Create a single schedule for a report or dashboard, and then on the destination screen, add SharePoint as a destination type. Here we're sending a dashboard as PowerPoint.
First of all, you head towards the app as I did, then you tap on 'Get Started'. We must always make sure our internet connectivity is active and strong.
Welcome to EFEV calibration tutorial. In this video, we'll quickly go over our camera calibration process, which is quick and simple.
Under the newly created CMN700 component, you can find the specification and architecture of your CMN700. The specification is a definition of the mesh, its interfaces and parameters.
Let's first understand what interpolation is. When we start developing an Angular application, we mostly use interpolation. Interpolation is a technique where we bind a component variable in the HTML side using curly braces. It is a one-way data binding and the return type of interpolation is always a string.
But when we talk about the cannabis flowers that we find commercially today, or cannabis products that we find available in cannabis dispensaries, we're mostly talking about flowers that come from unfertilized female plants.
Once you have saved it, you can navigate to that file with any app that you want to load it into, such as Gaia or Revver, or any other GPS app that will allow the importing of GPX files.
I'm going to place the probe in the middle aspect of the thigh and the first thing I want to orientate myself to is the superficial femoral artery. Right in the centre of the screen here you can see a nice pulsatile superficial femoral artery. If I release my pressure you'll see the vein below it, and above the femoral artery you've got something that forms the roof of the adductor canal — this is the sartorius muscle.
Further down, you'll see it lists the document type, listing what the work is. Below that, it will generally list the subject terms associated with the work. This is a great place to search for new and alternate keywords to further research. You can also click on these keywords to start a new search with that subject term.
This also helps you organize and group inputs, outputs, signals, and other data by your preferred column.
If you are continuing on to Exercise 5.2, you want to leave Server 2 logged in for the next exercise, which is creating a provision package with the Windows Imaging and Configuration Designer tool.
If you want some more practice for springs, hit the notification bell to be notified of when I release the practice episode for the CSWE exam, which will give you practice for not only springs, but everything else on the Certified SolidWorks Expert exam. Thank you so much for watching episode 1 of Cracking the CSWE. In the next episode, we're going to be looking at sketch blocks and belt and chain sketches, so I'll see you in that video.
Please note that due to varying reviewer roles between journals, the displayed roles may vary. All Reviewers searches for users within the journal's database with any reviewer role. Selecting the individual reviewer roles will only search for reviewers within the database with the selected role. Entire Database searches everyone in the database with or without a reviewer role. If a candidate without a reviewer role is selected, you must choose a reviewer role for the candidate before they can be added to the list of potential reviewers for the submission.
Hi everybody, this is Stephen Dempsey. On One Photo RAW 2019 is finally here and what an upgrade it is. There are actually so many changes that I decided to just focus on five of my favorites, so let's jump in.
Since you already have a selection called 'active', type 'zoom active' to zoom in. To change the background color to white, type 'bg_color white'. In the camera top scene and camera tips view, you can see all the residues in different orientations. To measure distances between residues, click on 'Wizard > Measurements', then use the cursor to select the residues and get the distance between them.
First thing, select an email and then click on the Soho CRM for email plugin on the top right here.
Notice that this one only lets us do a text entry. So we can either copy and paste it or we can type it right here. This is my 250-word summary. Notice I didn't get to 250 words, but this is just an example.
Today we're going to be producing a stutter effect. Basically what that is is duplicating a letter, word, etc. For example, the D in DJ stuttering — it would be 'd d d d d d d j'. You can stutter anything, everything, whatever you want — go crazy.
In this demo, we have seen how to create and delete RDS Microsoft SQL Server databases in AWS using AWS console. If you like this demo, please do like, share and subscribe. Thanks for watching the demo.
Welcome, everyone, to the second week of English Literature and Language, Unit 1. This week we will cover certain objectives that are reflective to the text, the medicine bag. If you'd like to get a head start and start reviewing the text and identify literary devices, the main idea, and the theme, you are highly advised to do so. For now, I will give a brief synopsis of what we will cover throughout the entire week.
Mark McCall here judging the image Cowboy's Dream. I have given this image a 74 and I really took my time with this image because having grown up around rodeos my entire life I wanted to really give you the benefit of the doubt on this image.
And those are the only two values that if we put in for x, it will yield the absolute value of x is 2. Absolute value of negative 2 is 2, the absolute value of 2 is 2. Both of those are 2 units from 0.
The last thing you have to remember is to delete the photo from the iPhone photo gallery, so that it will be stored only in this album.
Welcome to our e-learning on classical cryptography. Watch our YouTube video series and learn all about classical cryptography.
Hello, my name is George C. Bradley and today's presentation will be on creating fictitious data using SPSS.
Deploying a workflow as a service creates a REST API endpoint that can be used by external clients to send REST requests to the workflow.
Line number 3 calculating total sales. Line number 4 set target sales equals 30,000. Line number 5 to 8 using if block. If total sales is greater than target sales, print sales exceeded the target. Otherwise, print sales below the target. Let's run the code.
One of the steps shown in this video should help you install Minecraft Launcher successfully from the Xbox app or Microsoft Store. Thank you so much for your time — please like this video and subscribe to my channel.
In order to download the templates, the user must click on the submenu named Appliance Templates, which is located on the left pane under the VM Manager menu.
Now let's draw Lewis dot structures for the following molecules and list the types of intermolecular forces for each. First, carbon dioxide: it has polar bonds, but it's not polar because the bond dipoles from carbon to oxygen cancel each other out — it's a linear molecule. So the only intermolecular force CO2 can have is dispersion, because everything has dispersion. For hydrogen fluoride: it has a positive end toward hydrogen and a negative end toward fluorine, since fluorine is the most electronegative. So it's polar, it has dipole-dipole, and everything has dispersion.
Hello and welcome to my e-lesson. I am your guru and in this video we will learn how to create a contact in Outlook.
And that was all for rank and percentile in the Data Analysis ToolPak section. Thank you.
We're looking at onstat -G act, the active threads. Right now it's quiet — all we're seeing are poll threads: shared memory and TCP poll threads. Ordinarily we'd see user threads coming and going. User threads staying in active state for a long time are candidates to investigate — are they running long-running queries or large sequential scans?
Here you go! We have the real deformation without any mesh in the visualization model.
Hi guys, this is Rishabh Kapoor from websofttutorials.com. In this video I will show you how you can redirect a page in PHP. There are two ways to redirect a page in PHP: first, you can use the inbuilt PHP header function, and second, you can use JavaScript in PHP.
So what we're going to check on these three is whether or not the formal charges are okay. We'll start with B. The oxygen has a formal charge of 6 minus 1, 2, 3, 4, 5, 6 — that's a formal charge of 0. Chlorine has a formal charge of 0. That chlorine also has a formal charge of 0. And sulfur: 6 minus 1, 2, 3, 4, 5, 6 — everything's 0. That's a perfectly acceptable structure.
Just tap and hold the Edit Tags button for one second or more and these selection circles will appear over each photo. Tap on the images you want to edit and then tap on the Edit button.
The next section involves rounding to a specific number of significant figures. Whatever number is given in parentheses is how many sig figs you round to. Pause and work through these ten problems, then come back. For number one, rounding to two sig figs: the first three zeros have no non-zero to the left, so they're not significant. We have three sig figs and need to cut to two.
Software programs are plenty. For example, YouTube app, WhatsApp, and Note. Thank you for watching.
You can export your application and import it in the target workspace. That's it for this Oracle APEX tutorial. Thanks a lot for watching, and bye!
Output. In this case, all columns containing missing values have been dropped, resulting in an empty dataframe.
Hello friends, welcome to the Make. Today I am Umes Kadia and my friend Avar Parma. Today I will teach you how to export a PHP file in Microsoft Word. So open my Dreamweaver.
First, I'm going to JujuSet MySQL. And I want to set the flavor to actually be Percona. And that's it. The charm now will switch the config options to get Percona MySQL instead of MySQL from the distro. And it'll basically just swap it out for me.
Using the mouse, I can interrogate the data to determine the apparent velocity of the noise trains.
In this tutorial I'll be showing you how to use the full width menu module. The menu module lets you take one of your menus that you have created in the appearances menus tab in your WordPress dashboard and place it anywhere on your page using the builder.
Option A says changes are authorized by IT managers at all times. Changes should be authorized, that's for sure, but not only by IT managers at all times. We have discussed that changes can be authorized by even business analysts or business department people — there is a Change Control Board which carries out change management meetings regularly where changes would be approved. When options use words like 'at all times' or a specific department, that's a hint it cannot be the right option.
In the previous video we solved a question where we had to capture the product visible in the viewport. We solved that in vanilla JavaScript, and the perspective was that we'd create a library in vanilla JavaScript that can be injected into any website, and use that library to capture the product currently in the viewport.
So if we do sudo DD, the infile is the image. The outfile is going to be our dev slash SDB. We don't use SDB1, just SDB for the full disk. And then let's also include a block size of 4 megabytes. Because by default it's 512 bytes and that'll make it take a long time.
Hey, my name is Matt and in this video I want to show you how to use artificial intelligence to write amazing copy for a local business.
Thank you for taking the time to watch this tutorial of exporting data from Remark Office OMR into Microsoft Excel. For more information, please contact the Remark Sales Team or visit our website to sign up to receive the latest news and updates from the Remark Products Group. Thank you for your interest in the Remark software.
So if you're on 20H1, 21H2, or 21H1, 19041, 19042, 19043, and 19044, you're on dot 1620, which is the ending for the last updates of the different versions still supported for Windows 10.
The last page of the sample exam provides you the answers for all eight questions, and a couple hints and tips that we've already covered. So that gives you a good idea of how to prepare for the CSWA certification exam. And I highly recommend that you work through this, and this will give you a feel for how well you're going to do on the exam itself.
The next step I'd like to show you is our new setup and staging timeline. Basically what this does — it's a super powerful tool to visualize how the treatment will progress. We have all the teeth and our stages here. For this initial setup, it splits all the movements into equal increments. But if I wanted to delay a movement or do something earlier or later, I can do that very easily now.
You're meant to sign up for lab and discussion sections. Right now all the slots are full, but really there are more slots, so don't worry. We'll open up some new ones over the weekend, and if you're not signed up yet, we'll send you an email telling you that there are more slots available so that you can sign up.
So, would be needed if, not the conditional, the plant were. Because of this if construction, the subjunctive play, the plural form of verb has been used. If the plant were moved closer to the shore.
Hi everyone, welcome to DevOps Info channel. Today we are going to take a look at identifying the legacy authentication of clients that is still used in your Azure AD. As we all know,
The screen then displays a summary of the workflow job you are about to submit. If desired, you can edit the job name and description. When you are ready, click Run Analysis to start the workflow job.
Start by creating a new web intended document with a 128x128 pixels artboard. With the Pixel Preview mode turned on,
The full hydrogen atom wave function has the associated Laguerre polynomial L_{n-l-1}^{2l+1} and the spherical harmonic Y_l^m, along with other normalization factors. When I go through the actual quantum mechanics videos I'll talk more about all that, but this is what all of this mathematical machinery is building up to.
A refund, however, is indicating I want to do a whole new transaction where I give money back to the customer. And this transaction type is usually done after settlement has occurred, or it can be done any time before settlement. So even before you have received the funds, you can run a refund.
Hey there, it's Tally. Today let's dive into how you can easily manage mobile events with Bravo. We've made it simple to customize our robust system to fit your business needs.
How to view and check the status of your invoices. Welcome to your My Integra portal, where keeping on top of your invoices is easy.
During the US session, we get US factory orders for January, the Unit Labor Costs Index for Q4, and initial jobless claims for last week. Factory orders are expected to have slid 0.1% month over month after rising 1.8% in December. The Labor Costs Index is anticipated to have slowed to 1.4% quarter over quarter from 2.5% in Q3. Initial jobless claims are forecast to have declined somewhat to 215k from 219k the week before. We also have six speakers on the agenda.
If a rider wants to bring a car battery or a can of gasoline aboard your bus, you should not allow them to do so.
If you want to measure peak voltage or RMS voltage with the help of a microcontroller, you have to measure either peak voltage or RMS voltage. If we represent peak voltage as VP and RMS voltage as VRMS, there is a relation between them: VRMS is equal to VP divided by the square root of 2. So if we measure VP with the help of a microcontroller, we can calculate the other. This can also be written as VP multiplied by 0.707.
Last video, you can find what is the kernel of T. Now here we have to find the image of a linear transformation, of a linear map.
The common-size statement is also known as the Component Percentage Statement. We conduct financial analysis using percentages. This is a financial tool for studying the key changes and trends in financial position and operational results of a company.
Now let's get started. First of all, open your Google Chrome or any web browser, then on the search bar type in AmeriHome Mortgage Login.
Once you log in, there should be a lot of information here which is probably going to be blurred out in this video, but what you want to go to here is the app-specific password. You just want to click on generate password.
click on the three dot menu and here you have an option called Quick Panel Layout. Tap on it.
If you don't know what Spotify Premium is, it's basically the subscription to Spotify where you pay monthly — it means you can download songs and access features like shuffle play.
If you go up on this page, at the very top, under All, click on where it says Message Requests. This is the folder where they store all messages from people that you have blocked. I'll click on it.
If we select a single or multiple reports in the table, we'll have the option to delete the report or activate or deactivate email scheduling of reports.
☆ ☆ ☆
**Exercise requirements**
Nothing but the lines from the first line of the data through the line with "First of all, you" should be returned, exactly as they appear, both ends included.

**Completed exercise**
Create a single schedule for a report or dashboard, and then on the destination screen, add SharePoint as a destination type. Here we're sending a dashboard as PowerPoint.
First of all, you head towards the app as I did, then you tap on 'Get Started'. We must always make sure our internet connectivity is active and strong.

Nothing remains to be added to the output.